• PROMPT: Copy the data that appears below exactly. Drop the pictures.

Dataset items:
==============================

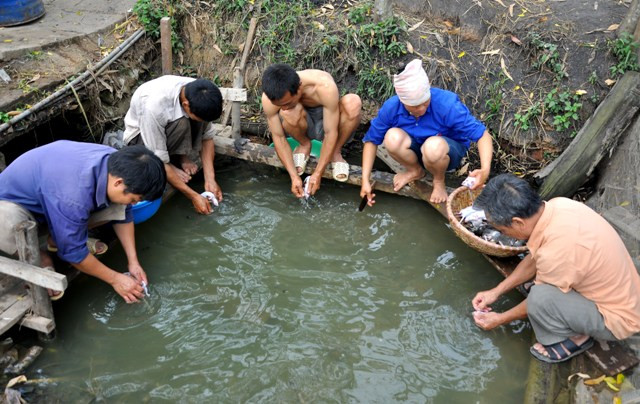 Anh Nguyễn Đức Sơn chia sẻ kinh nghiệm trong việc làm lông chuột: “Làm lông chuột thì cần phải làm dưới nước, lông chuột sẽ rất dễ làm, nếu thiếu nước sẽ bị bóc da chuột ngay”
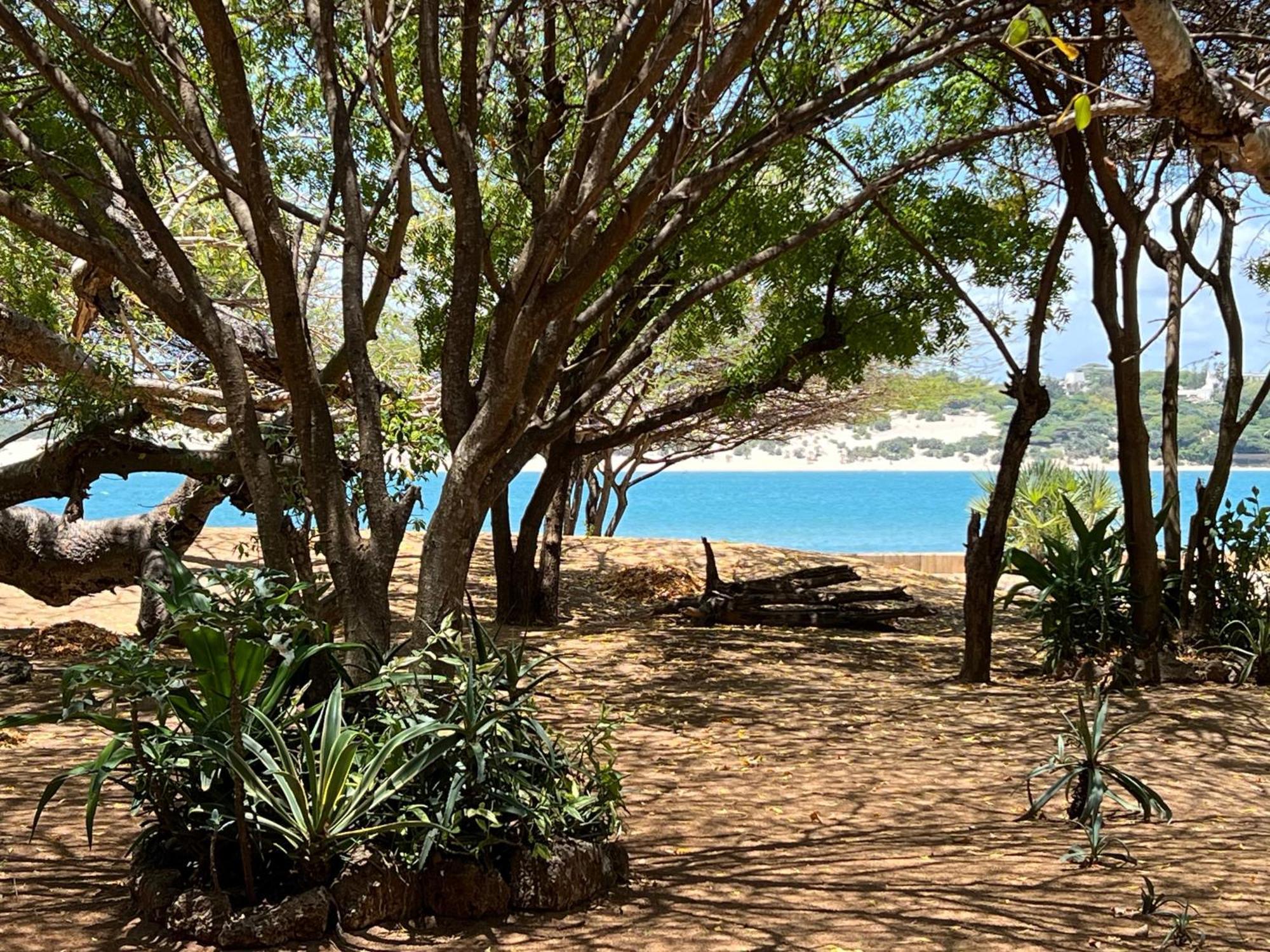 Mangrove House Hotel Lamu Bagian luar foto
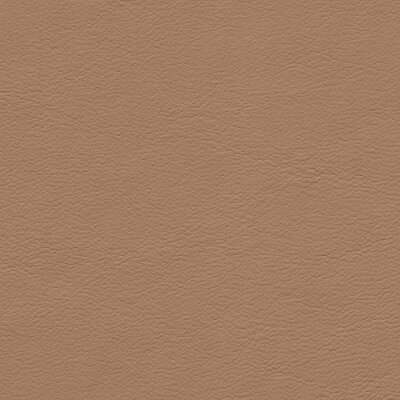 1233 - sandbeige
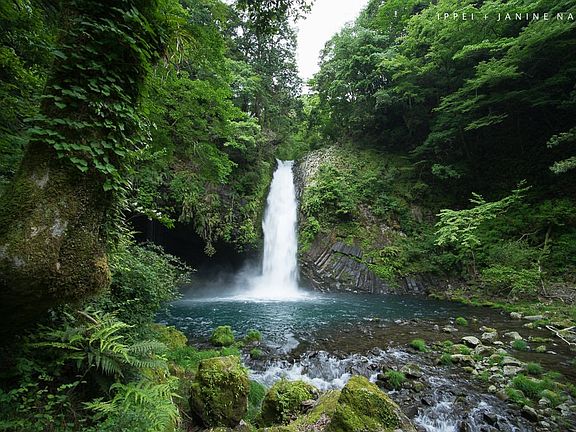 Waterfall In The Area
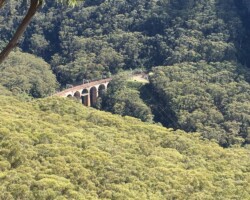 A few photos from today’s walk( 3/10/21) on the Forest Path by Robyn with Anne, Michelle & Chris.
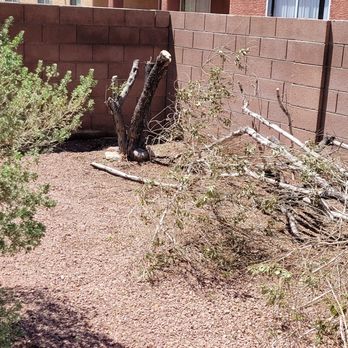 A Cut Above Tree Service - Bye bye stump! - Tree Services Near Me - Las Vegas, Nevada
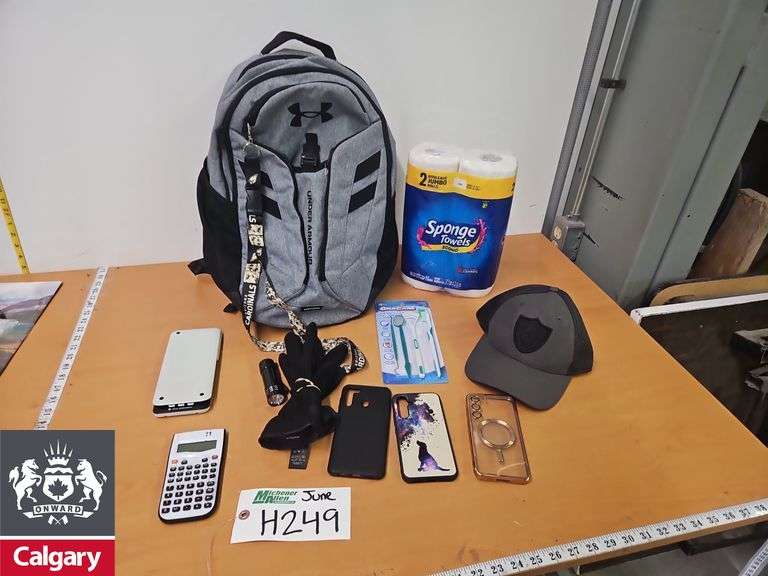 Backpack with Paper Towels, Hat, Phone Cases, Gloves, and Dental Set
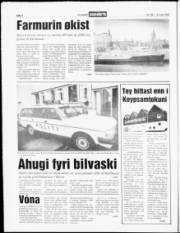 Síða 4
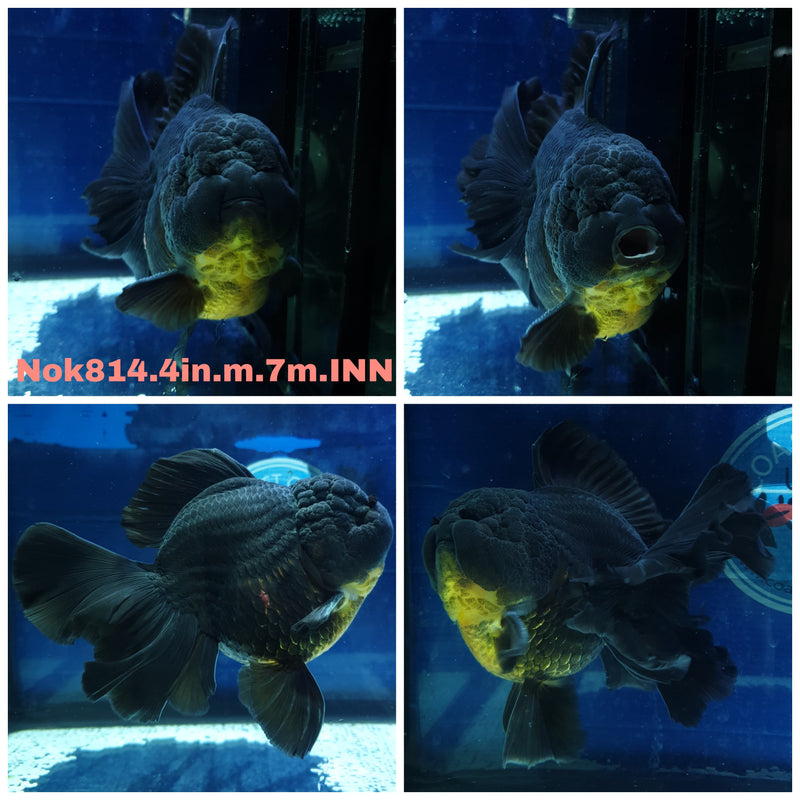 (NOK-814) Thai Black Orchid Tail Oranda 4.00 inch Body Male 7 Months Age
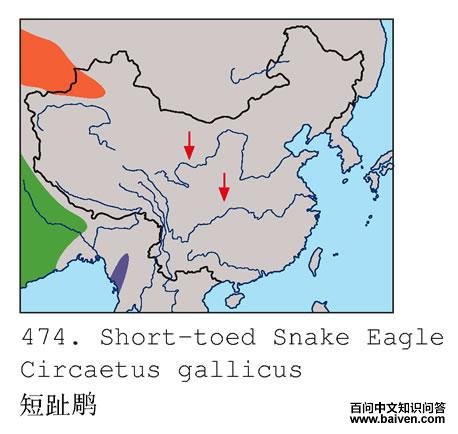 ��ֺ��ĵ����ֲ�ͼ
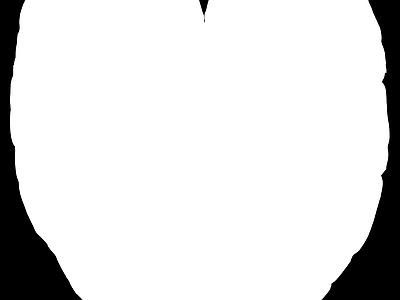 高光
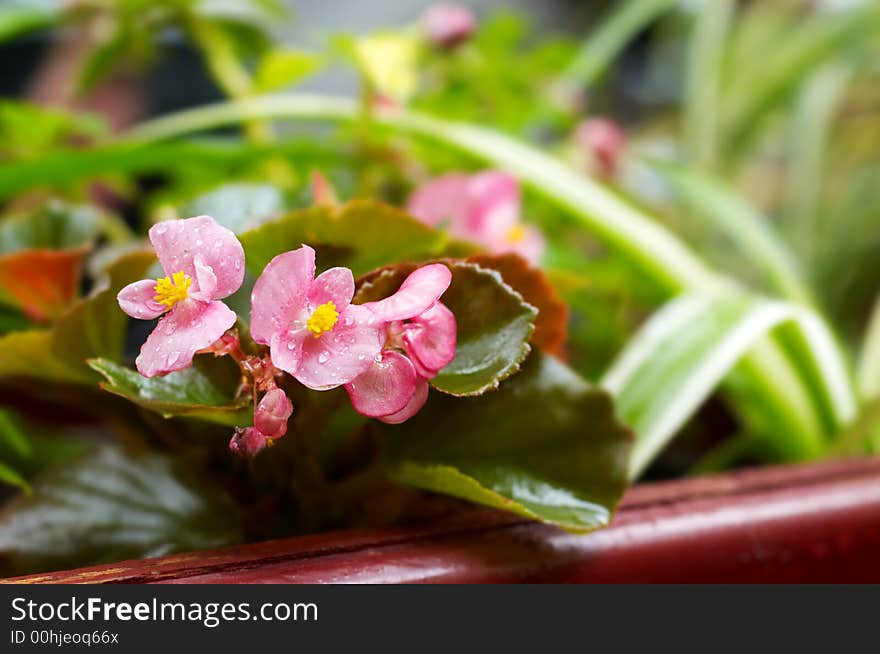 Pink flowers closeup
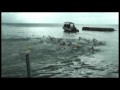 Oceania Champs - 5km Open Water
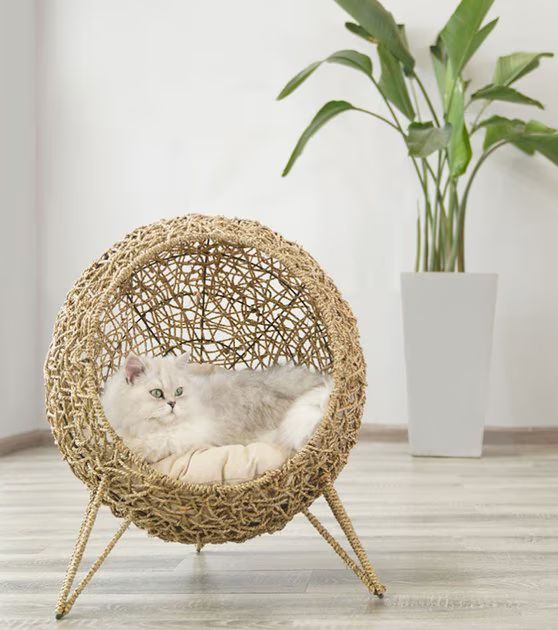 ZEZE Knipsa Bird Nest Cat Stand Chair, Natural - Chewy.com | Chewy.com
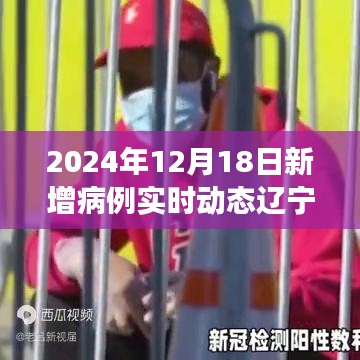 辽宁新病例动态下的自然探索之旅，寻找内心的宁静与微笑（实时更新至2024年12月18日）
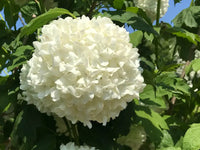 Snowball Tree sterile (Viburnum opulus)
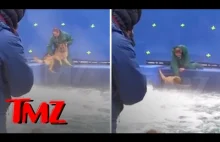 Jak kręcono film "Był sobie pies" - Przerażony pies wrzucony do wzburzonej wody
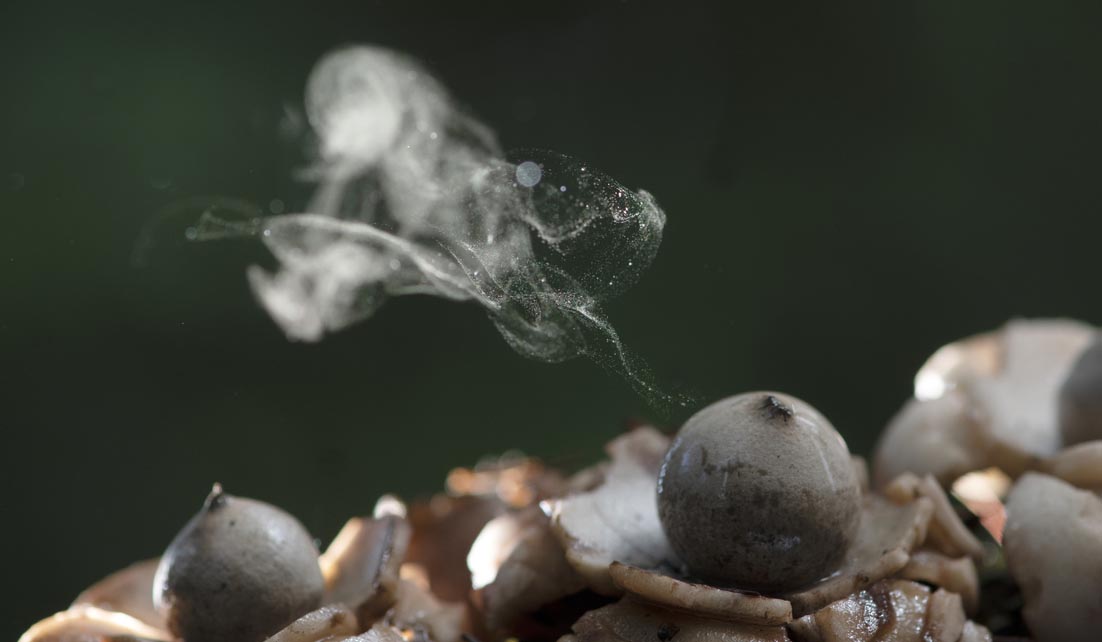Puff mushrooms releasing spores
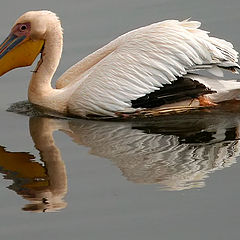 photo "07347 Pelican"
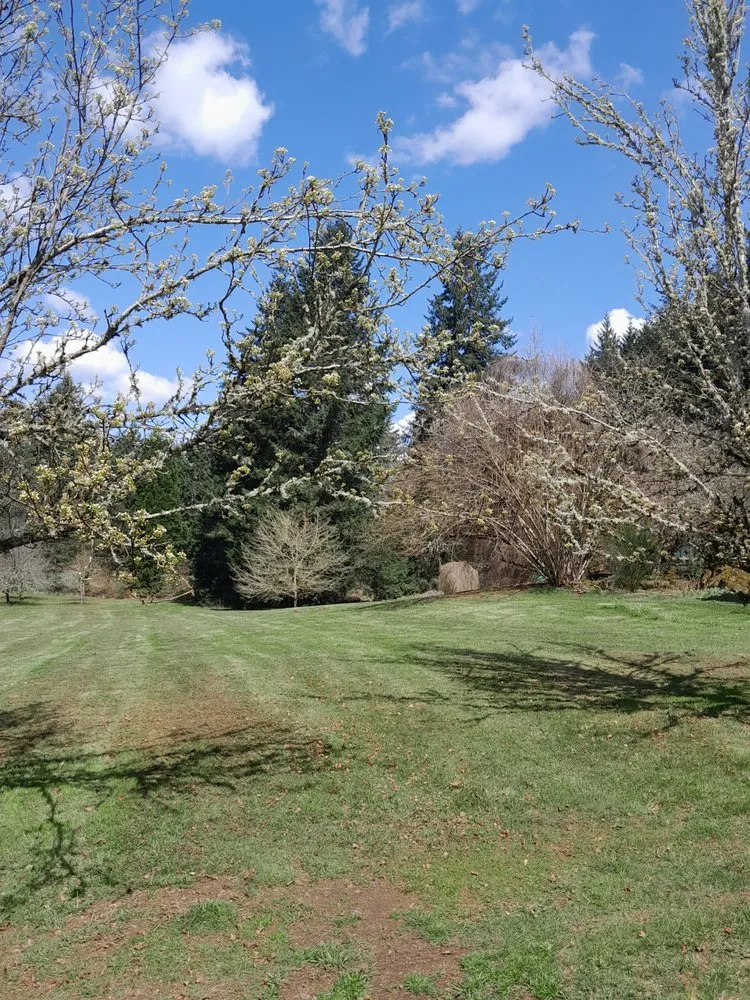 Professional landscape installation experts serving Spokane, WA - Dirt Cheap Lawn Maintenance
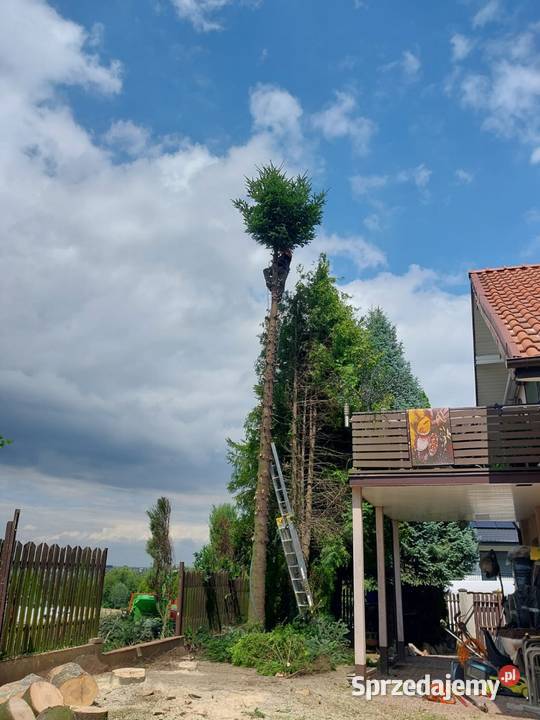 Wycinka ścinka drzew czyszczenie działek usługi Wojnicz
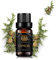 Aromaterapia ciprés Aceite esencial para difusor, 100% puro Cypress aceite perfumado para humidificador, 0,33oz-10ml Grado Terapéutico Cypress fragancia aceite esencial para masaje, Casa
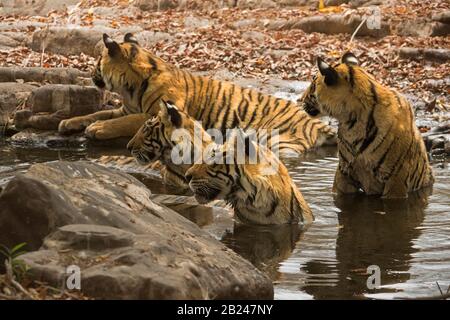A family of four tigers (Panthera tigris tigris), mother and three grown up cubs, resting and cooling off in a small rocky waterhole during the hot Stock Photo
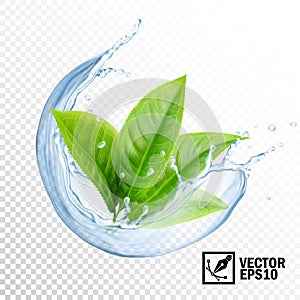 3D Realistic transparent vector splash of water with leaves of tea or mint. Editable handmade mesh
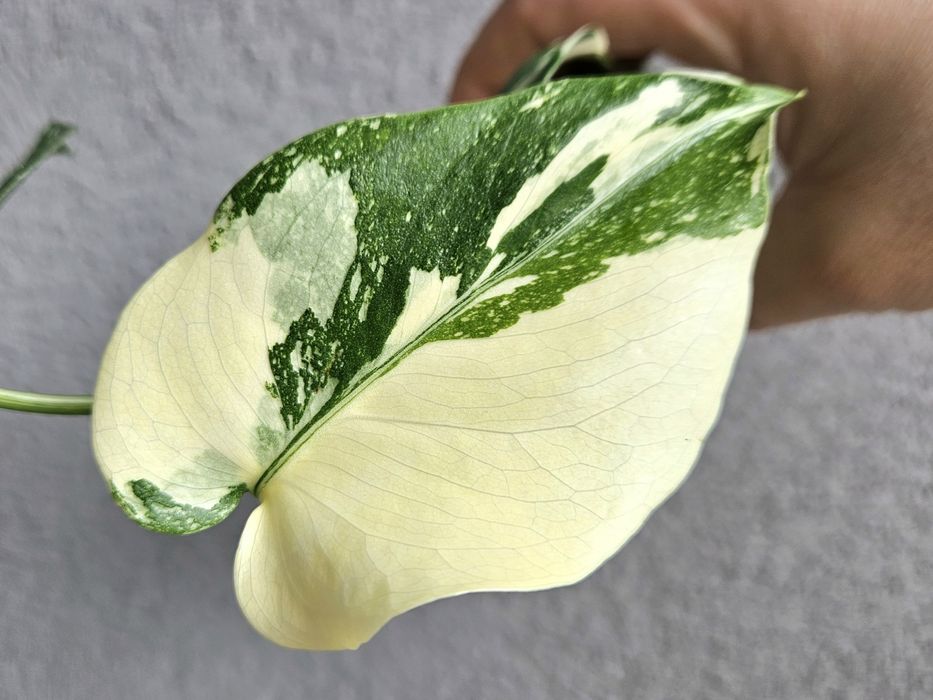 Monstera Thai Mutation noID 3 listna sadzonka + drugi węzeł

==============================

• SOLVED EXERCISE:
 Anh Nguyễn Đức Sơn chia sẻ kinh nghiệm trong việc làm lông chuột: “Làm lông chuột thì cần phải làm dưới nước, lông chuột sẽ rất dễ làm, nếu thiếu nước sẽ bị bóc da chuột ngay”
 Mangrove House Hotel Lamu Bagian luar foto
 1233 - sandbeige
 Waterfall In The Area
 A few photos from today’s walk( 3/10/21) on the Forest Path by Robyn with Anne, Michelle & Chris.
 A Cut Above Tree Service - Bye bye stump! - Tree Services Near Me - Las Vegas, Nevada
 Backpack with Paper Towels, Hat, Phone Cases, Gloves, and Dental Set
 Síða 4
 (NOK-814) Thai Black Orchid Tail Oranda 4.00 inch Body Male 7 Months Age
 ��ֺ��ĵ����ֲ�ͼ
 高光
 Pink flowers closeup
 Oceania Champs - 5km Open Water
 ZEZE Knipsa Bird Nest Cat Stand Chair, Natural - Chewy.com | Chewy.com
 辽宁新病例动态下的自然探索之旅，寻找内心的宁静与微笑（实时更新至2024年12月18日）
 Snowball Tree sterile (Viburnum opulus)
 Jak kręcono film "Był sobie pies" - Przerażony pies wrzucony do wzburzonej wody
Puff mushrooms releasing spores
 photo "07347 Pelican"
 Professional landscape installation experts serving Spokane, WA - Dirt Cheap Lawn Maintenance
 Wycinka ścinka drzew czyszczenie działek usługi Wojnicz
 Aromaterapia ciprés Aceite esencial para difusor, 100% puro Cypress aceite perfumado para humidificador, 0,33oz-10ml Grado Terapéutico Cypress fragancia aceite esencial para masaje, Casa
A family of four tigers (Panthera tigris tigris), mother and three grown up cubs, resting and cooling off in a small rocky waterhole during the hot Stock Photo
 3D Realistic transparent vector splash of water with leaves of tea or mint. Editable handmade mesh
 Monstera Thai Mutation noID 3 listna sadzonka + drugi węzeł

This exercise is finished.